AIM OF THE EXERCISE:
In this exercise, print only the lines from the line with "Whimsical Dragonfly Accent" to the last line of the data below, inclusive. Any pictures should be left out.

(Collection entries)
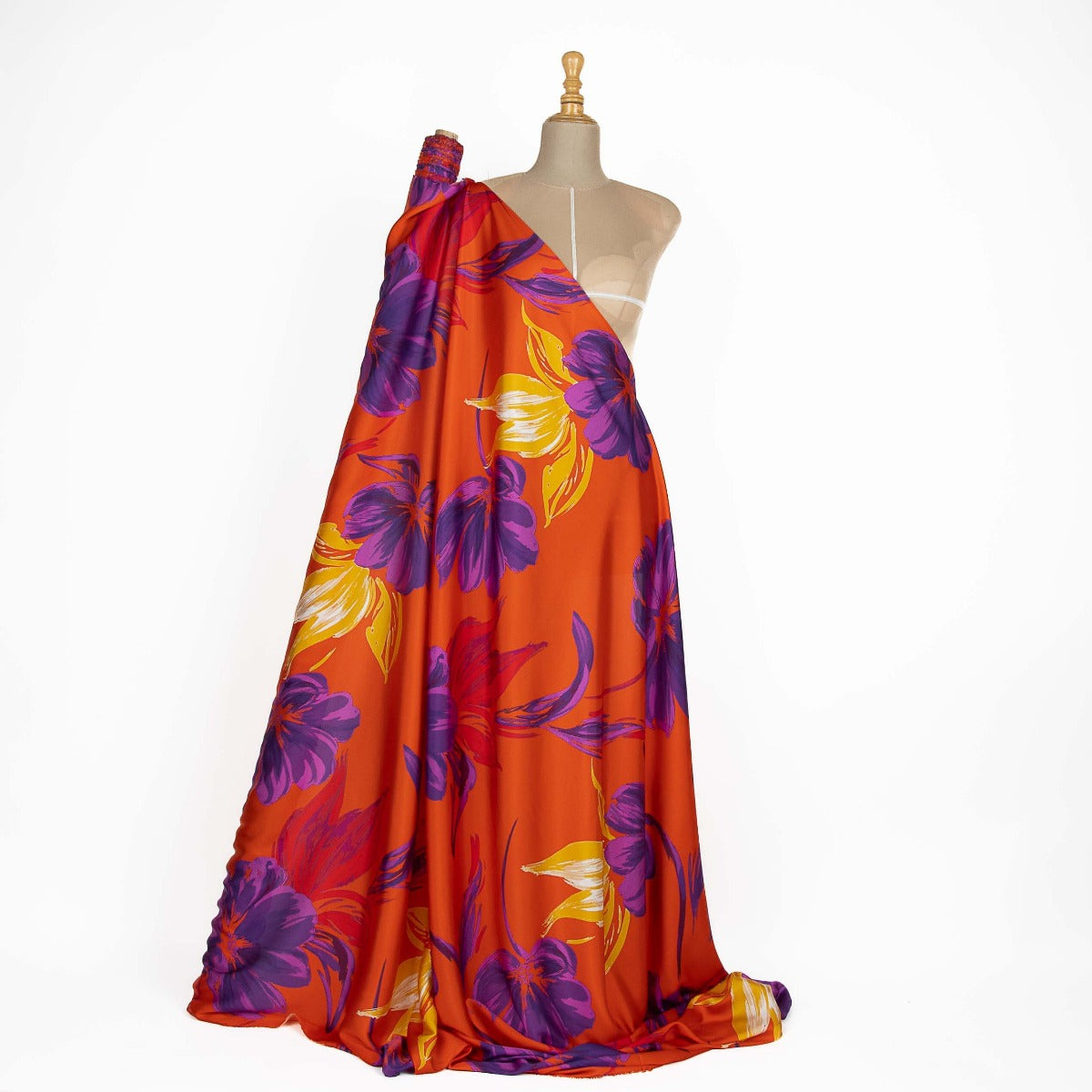 Cetim Estampado Tuser Laranja - Ribes y Casals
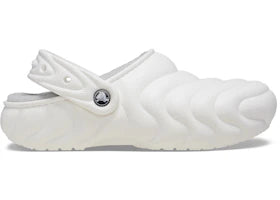Crocs Classic Overpuff Lined Clog White - vue 360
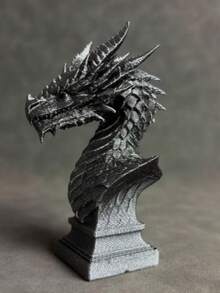 1pc Dragon Half-Body Statue Decor, Suitable For Car Dashboard/Home Bedroom/Desk/Garden/Bonsai/Fish Tank, Creative Unique Gift, Great For Halloween/Christmas/Easter/Valentine's Day/Wedding/Ramadan, Top-Tier Gift Choice - 1PCS - View 10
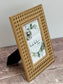 Nicole Miller Gold Tone Weave Photo Frame, 4’ x 6’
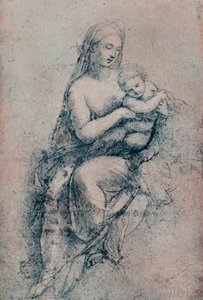 La Vergine e il Bambino, studio per la Madonna di Foligno, c1511 da Raffaello Sanzio Raphael
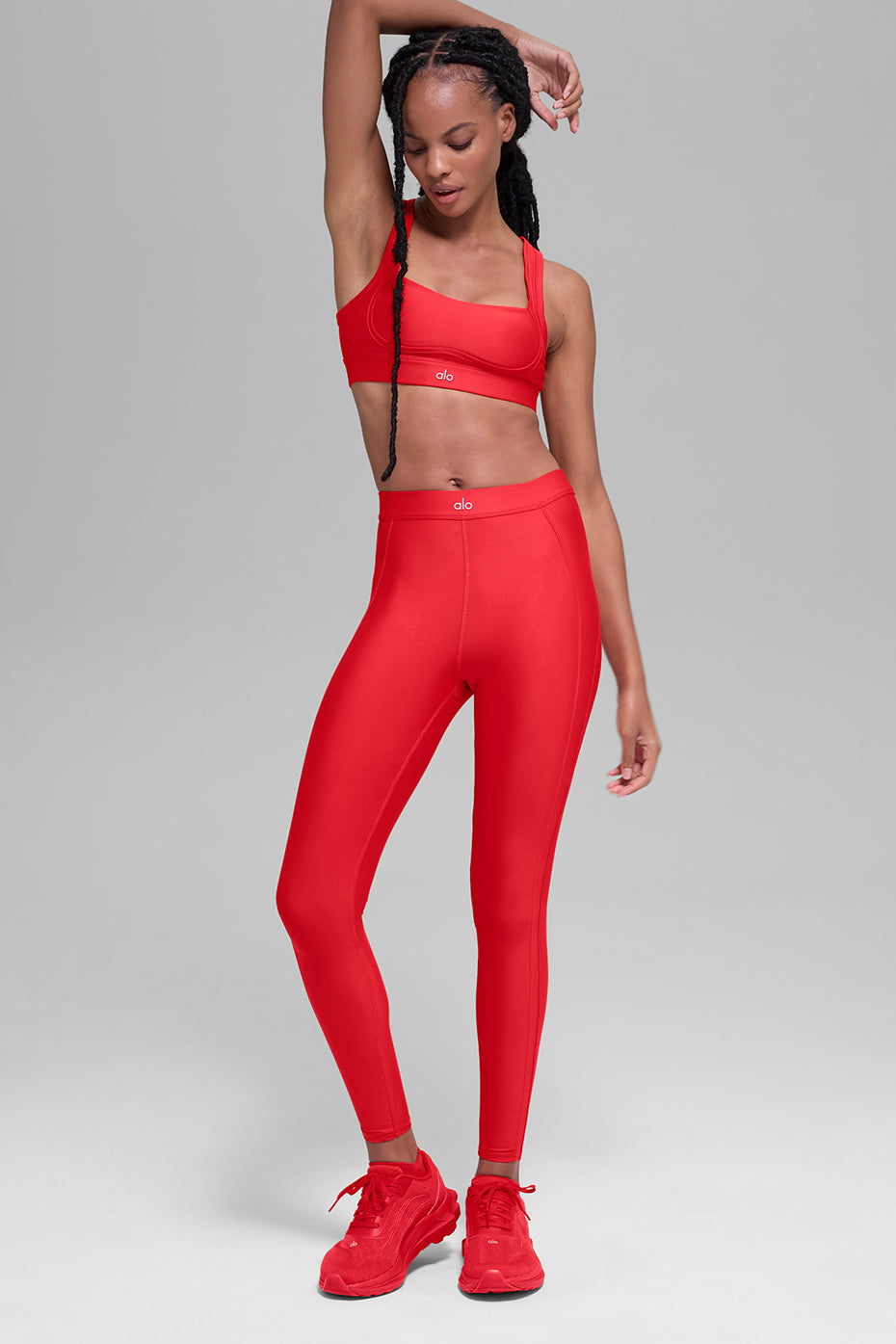 Airlift High-Waist Ignite 7/8 Legging - Bright Red - Image 5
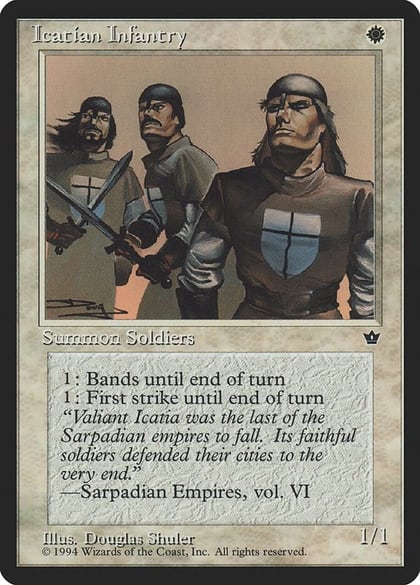 Icatian Infantry (Shuler), Fallen Empires #18222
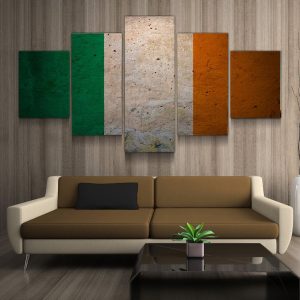 Irish Pride - Abstract 5 Panel Canvas Art Wall Decor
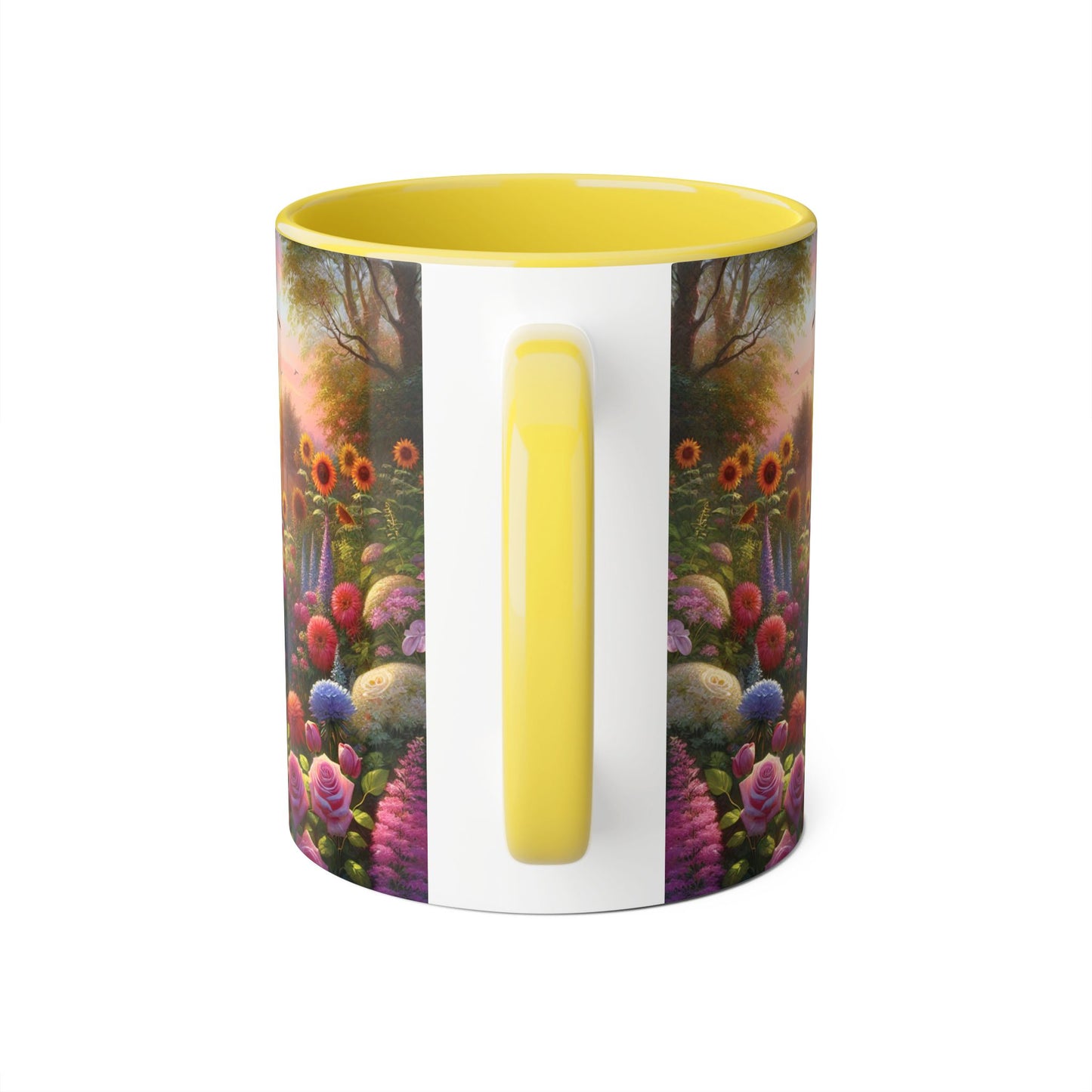Whimsical Dragonfly Accent Mug, Colorful Nature Coffee Cup, Garden Lover Gift, Outdoor Enthusiast Ceramic, Perfect for Spring
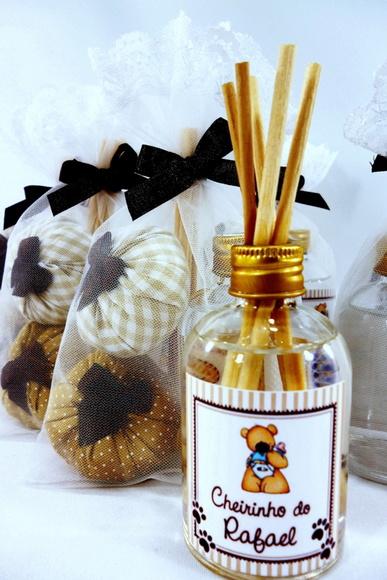 Mini Aromatizador e Dois Sachês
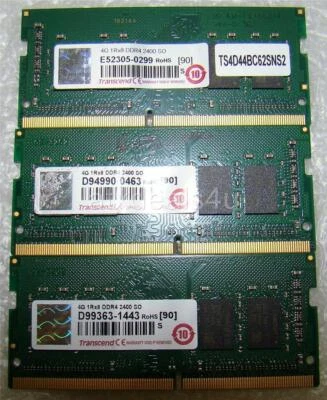 Transcend TS4D44BC62SNS2 12G (4G x 3) 4G DDR4 2400 SO DIMM RAM Memory Module - Image 1 of 2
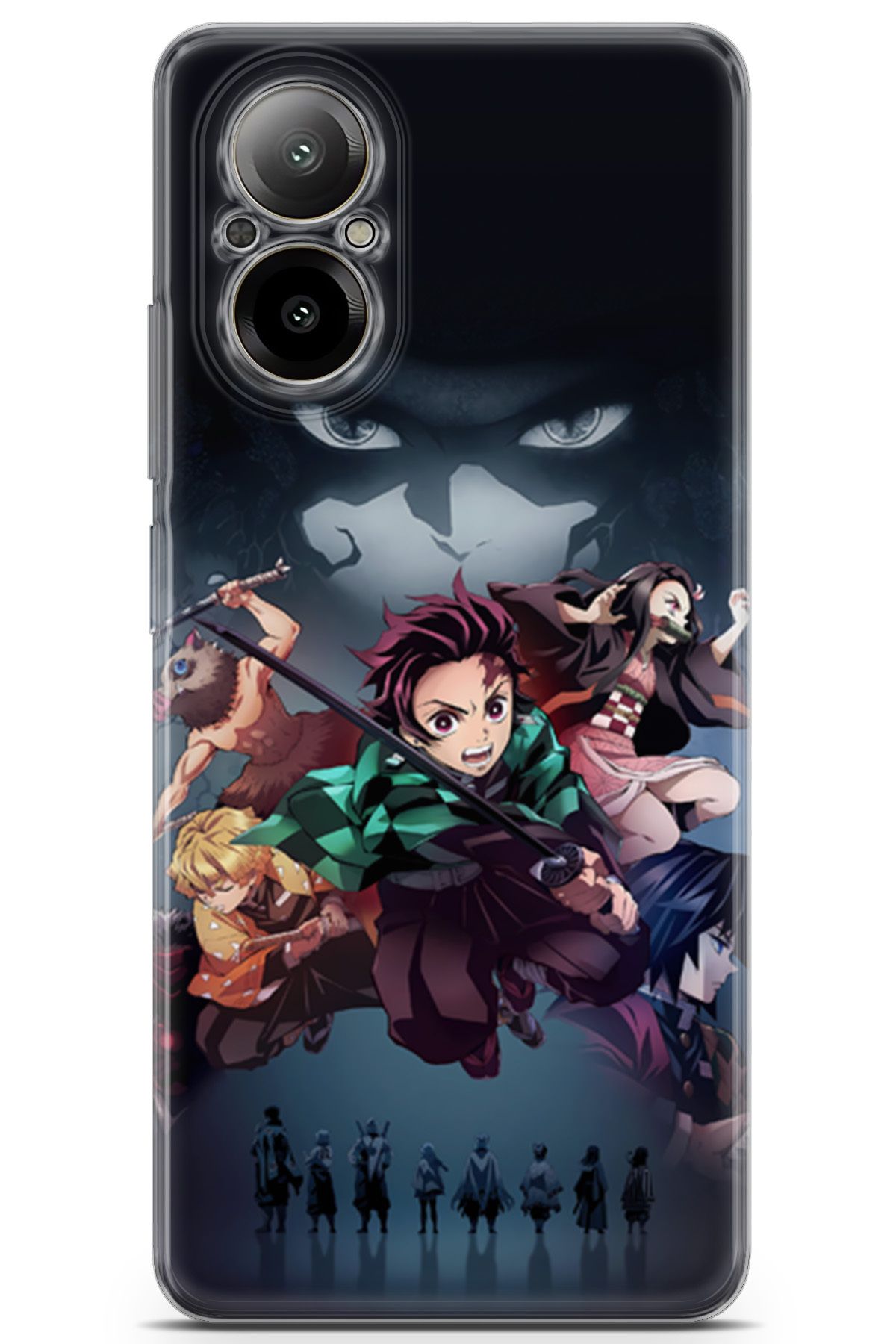 Uvilda Realme 12 Lite uyumlu Anime 6 HD UV Baskı Demon Slayer II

EXPECTED ANSWER:
Whimsical Dragonfly Accent Mug, Colorful Nature Coffee Cup, Garden Lover Gift, Outdoor Enthusiast Ceramic, Perfect for Spring
 Mini Aromatizador e Dois Sachês
 Transcend TS4D44BC62SNS2 12G (4G x 3) 4G DDR4 2400 SO DIMM RAM Memory Module - Image 1 of 2
 Uvilda Realme 12 Lite uyumlu Anime 6 HD UV Baskı Demon Slayer II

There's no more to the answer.